Here is my brainstorm of possible ways a character could struggle spiritually. I hope they give you some idea of the range of possibilities.
Does the character struggle with knowing if they’re truly saved—does fear of dying and going to Hell keep them awake all night?
Do they struggle with legalism: knowing Christ died for them, but they still somehow try to earn their salvation?
What is that one sin that keeps dragging them down?
Does the character feel unwanted and ugly?
Does the character feel weak and like a failure compared to his seemingly perfect older brother (keeping in mind that the older brother could struggle with pride while hating that pride)?
What about the character, Scott, who keeps all his feelings bottled up inside himself. There is that one person, Edgar, he would usually tell his struggles to, but Edgar is dealing with issues that Scott sees as so much more “significant” than his own. Scott doesn’t want to add to Edgar’s problems, so he keeps his “smaller” struggles to himself, and they weigh him down and discourage him because he has no one to tell.
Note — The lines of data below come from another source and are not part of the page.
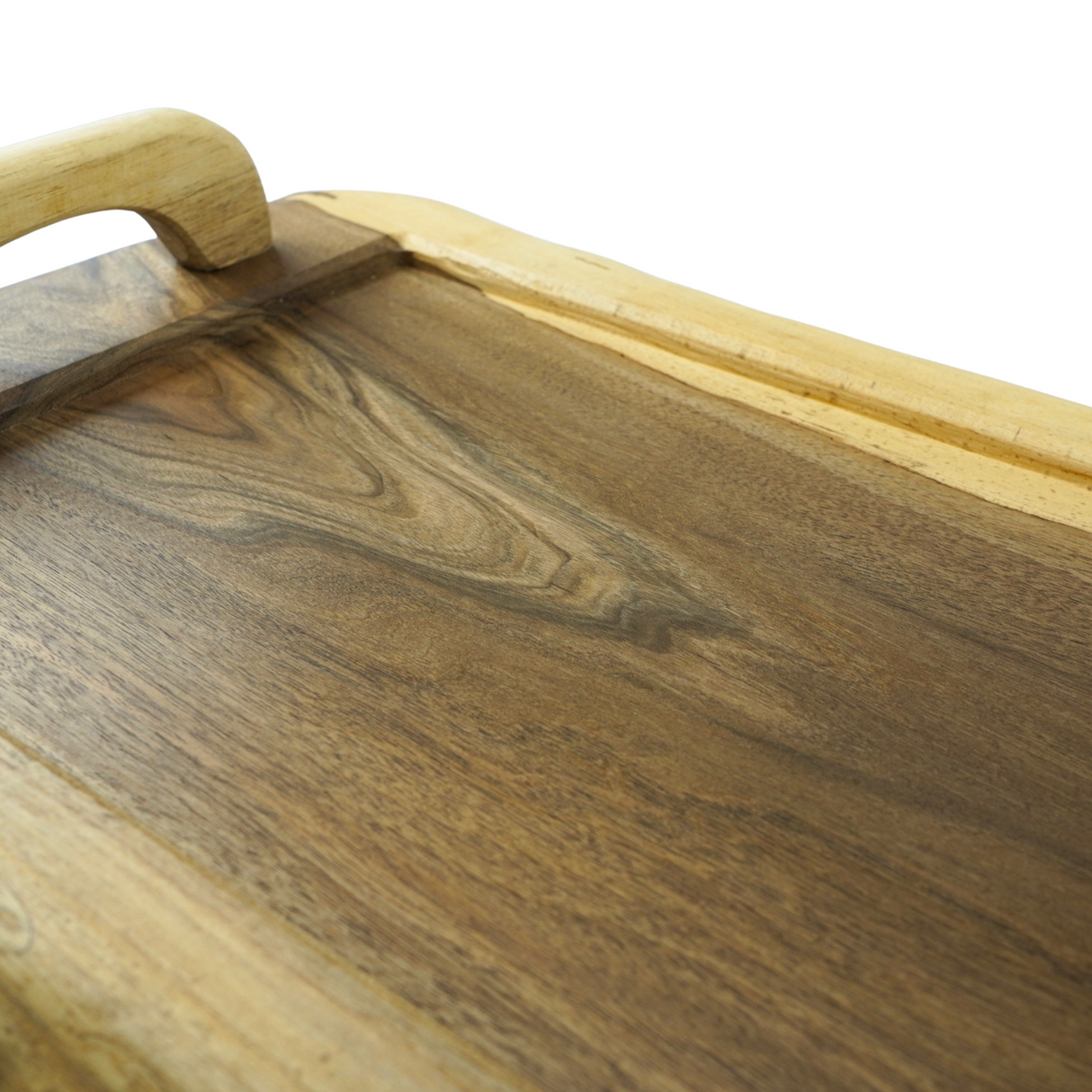 Walnut Tray with walnut feature handles
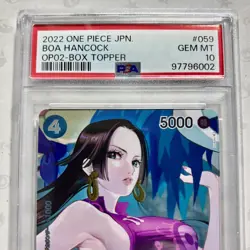 Boa Hancock OP02-059 PSA 10 Box Topper Promo Card 2022 One Piece - Image 2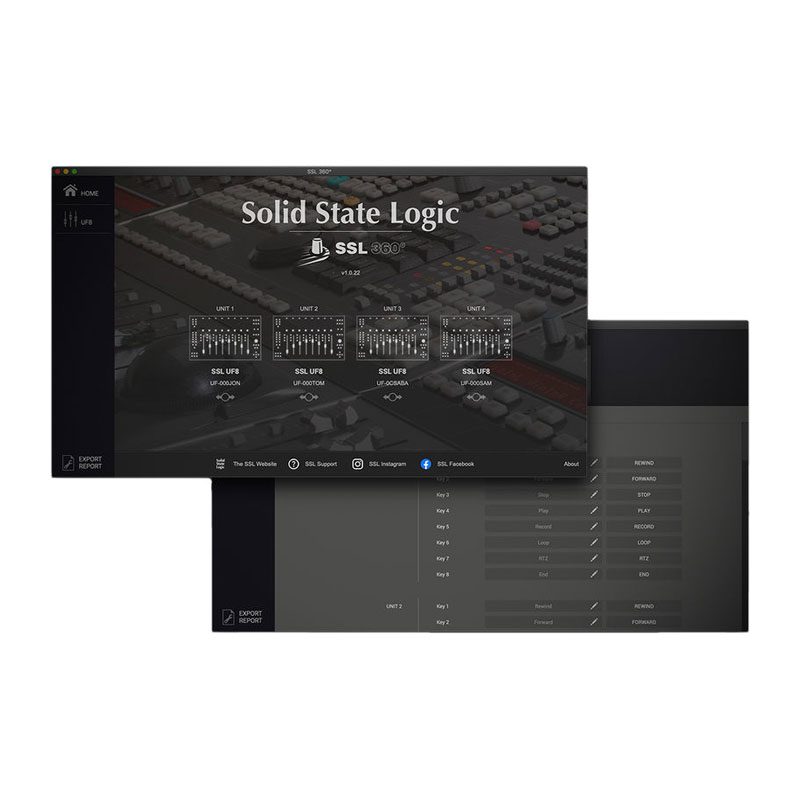کنترلر نرم افزار اس اس ال Solid State Logic UF8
Finding gender-specific struggles can be interesting too, because often males and females handle things differently.
You know what that speaker’s session did? It helped all of us relate to each other and see each other as real people with real problems. It was a relief to know that I’m not the only one who doesn’t have it all together.
Giving your characters “everyday problems” will do the same for your readers. They will have a sense of connection to your character because the problems relate to those the reader has experienced. They are meaningful to the reader, and they make him feel something. And that is the goal of a Story: to create emotion.

What is your character’s most pressing problem, apart from the main story goal?